I am both alarmed and fearful of the current state of safety on Howard University’s campus. Within a week, Howard Plaza Towers East has been broken into multiple times by individuals who are not students of this University. While no one was injured, our students were robbed of their items, but most importantly, of their trust in this University to keep them safe.
When Sheamari Whitaker moved into Howard Plaza Towers East earlier this semester, she described the process as smooth, hoping it would be similar to the warm and welcoming space she had as a freshman in Harriet Tubman Quadrangle. Four weeks into this school year, the sophomore political science major said her experience on campus has been chaotic and unsafe, a sentiment that many Howard University students share.
On Sept. 11, at approximately 2:35 a.m., students residing in Howard Plaza Towers East evacuated the building when a fire alarm was pulled on the eighth floor. Two unidentified men were reported being seen inside the building, according to the Howard University Department of Public Safety (DPS) and the Office of Residence Life and University Housing.
Students reported that the two men were knocking on dorm room doors asking students to sleep in their rooms. One student described one of the unidentified men as having what seemed to be blood on his shirt and face.

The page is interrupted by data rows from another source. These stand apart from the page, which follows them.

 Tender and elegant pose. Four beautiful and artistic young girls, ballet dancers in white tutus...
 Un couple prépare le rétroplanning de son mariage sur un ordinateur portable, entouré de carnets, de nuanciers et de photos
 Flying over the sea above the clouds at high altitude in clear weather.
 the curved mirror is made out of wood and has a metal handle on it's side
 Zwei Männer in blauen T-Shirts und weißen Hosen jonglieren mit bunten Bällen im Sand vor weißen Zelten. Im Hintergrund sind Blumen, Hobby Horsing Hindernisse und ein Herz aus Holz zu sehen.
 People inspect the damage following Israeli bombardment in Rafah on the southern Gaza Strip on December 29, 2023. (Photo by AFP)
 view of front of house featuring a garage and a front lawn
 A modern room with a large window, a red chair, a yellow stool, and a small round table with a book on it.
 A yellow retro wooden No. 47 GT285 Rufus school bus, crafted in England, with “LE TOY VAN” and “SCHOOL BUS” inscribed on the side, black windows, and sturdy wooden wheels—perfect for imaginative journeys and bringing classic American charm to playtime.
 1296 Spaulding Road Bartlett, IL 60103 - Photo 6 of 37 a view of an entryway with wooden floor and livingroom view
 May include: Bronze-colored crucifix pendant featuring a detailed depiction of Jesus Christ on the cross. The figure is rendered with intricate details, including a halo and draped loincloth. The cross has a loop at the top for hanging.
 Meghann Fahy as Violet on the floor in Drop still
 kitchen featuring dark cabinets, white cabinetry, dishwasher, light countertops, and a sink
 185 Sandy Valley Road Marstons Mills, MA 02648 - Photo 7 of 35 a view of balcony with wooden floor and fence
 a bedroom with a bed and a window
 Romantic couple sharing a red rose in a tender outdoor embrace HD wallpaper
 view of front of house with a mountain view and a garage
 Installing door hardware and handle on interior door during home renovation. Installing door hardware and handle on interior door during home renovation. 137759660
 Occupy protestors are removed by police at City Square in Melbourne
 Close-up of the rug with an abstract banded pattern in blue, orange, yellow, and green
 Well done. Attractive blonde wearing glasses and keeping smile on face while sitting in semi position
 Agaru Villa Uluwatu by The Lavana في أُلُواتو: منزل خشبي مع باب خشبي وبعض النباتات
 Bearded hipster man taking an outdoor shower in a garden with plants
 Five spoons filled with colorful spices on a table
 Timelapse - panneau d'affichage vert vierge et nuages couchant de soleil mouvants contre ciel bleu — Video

“I don’t feel as safe as I should be. Between the bomb threats and the two unidentifed men walking around East, I feel a bit scared,” Whitaker said. “It’s unfortunate that I pay so much money to attend here, that I have to constantly deal with threats in an environment that should feel like home. As of right now, many RAs and staff members of Towers are doing their best to keep us safe, however I feel like more can be done.”
While the University stated that an investigation by DPS is underway and “top priority,” a formal police report was not filed on behalf of any residence hall staff or students regarding the break-in incident, The Hilltop confirmed with the D.C. Metropolitan Police Department (MPD).
“We are following standard operating procedures that include reviewing surveillance footage and conducting interviews to verify the accounts provided to residence life staff and those published on various social media platforms to ensure that we are operating from a factual standpoint,” DPS said in a statement released to the students and parents of Howard Plaza Towers East later in the day on Sept. 11.
With no formal police report, arrests or MPD investigation, students await closure to this incident, once again bringing into question the reality of safety for Howard students. While no students were harmed in this incident, it does not mitigate the fear that our campus is not as safe as it needs to be, as this was not the only break-in attempt to occur.
One week later, on Sept. 17, Howard Plaza Towers East was broken into, again. Students reported a group of individuals, including boys ages 10 and 11, breaking into dorms and stealing items including money, Beats headphones, books, shoes, an Xbox and a speaker.
With multiple break-ins in such a short period of time, it is seemingly common knowledge among the surrounding community that it is easy to get inside of our dormitories, particularly through the emergency side exit doors that remain unguarded from the inside and out. This is inexcusable, embarrassing and, above all, dangerous.
One student affected by these incidents, is one student too many.
It remains the responsibility of Howard University to maintain a safe environment for students and faculty. When our students do not feel safe in what should be their home-away-from-home, how can they possibly be expected to perform well in their academic duties? If the safety and well-being of our students is what is most important, then more needs to be done to ensure that repeated break-ins do not become a normality on our campus.
While students are rightfully frustrated with campus safety in the dorms, we also have a hand in enacting preventative measures as well. Students should refrain from using the emergency exit side doors on the buildings, unless evacuating an emergency. These exits have become well-known points of access, and it is our duty to limit the accessibility these doors offer to non-Howard students looking for a way to get inside.